By Fr Edward Kanyike MCCJ
The word ‘nature’, whose Latin etymology is ‘nascere’ (to be born) literary means ‘what is born.’ While in many African languages, it is rendered ‘creation,’ maumbilein Kiswahili and obutonde in Luganda would mean ‘what is created in the Western mentality and ‘what is created in the African thinking. This implies that nature is not our property but the property of God, the Creator. If traditional Africa has no record of endangered species, it is because of the way she sees and treats nature.
As a property of God, nature is sacred. It is a mediator between man and the spiritual world. Sacred bushes and trees, hills and mountains, stones and sacred objects, water bodies, animals, birds and insects, etc. are all found in nature. Many African tribes do not build temples or sanctuaries; their only places of worship are in nature. Nature then is seen as a gift from God that helps man to create contact with the spiritual world. It is the finite that helps man to reach the infinite; the visible helps humans to get into contact with the invisible and with God himself.
Every sacred entity is ambivalent. It is both attractive and awesome. In it, you find allies and enemies of man: poisonous creatures and useful things, wild animals and games, bad spirits and good ones. Nature is not man’s domain, it is ‘other’. Given this fact, man cannot struggle to dominate nature. He can only live side by side with it. He should therefore handle it with care and respect to enjoy its benefits and guard himself against the enemies found in it, without destroying it. Human beings can even convert enemies into allies. The body parts of fierce animals can be medicinal; their skins can be used in worship.

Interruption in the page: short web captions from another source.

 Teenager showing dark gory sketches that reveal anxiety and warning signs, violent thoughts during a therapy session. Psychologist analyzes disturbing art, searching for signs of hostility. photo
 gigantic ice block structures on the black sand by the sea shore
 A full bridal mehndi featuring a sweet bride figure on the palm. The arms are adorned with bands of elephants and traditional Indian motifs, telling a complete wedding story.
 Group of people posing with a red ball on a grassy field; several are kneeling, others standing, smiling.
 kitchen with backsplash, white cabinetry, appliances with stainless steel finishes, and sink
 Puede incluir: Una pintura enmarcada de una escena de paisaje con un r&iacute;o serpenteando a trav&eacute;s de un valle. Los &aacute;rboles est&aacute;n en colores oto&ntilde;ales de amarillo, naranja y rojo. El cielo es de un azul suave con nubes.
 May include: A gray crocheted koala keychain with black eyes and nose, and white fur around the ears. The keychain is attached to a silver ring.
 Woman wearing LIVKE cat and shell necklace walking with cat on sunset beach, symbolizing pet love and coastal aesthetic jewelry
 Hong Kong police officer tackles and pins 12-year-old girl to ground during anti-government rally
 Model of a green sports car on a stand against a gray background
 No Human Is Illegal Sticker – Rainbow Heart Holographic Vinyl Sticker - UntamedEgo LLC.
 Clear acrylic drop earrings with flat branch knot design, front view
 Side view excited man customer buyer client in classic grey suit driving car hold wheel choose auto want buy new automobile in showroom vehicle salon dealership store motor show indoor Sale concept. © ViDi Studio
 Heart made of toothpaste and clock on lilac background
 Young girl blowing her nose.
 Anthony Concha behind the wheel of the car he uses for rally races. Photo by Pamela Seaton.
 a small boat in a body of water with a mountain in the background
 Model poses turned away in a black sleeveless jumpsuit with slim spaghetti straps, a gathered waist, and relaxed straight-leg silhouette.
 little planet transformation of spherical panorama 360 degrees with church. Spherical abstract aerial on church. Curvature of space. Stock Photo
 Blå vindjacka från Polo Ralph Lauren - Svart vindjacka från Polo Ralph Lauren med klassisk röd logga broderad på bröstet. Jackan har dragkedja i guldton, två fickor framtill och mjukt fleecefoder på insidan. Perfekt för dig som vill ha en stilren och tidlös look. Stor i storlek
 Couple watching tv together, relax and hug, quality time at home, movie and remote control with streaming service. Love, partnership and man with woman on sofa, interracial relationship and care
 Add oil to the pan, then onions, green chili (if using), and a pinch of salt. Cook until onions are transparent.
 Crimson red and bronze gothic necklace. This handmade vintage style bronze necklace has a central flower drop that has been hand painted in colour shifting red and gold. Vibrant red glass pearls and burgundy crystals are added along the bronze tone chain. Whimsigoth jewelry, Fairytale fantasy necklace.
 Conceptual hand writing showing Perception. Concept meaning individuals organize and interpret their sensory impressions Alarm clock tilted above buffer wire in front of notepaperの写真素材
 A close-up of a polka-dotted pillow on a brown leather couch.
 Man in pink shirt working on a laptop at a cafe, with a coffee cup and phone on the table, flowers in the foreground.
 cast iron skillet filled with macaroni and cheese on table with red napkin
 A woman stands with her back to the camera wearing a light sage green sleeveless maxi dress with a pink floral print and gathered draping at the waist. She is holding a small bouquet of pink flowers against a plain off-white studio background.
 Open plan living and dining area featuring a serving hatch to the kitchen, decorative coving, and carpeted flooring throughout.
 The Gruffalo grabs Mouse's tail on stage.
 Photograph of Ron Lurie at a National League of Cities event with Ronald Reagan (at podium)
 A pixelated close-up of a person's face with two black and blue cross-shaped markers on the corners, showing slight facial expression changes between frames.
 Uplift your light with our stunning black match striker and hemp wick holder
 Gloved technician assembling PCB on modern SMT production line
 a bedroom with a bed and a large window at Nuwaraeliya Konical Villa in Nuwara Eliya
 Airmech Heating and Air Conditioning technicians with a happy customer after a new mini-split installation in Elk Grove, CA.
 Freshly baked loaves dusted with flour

The horn of a rhinoceros is medicinal while leopard skins are sacred vestments since time immemorial. The destruction of nature is dangerous because nature is a partner. Man lives fighting death and nature fights along with him: medicine, building materials, food, material for clothes, instruments for all human activities, etc are all gifts of nature to man. Moreover, nature is a book, which for those who know how to read it, contains advice, warnings against danger and useful knowledge.
Both bad and good omens tread in nature. Many proverbs come from the observation of nature: Olam mamit pe nyak wang aryo (A nice fruit tree does not yield fruit twice a year). This is the Acholi way of saying that good things are not always available; use them well when you get them; it is a piece of advice against letting chances go by.
Nature, for some tribes, is a place of initiation for young men and women into adulthood. They are taken to the bush or forest. Nature then is seen as a mother, from whose womb people are born to maturity and civilization. At the end of the initiation, they share the conditions of their very first ancestors who left the bush/forest in order to create the culture that generations of their tribesmen have inherited. Moreover, the belief in totems and the conviction that some human beings can transform themselves into animals or birds creates a deep bond between nature and humans.
In Africa, the biblical order of God to dominate nature does not make of it a commodity to be used. It is an ally to be promoted. In the destruction of forests, bushes, animal species, birds, insects, particular trees and types of grass for money, we have lost what we can never get back. The African universe is like a cobweb; once you touch one point, the whole thing shakes. The universe is already shaken and scientists cannot deny this fact, only that the countries, which have polluted the world most cannot stop their destructive activities because their economies depend on it.
On the other hand, this traditional African way of understanding nature may not lead us to great discoveries but it may lead to the conservation of nature that will save Other Earth and humanity. Whoever appreciates this African world-view should plant a tree anywhere near him or her.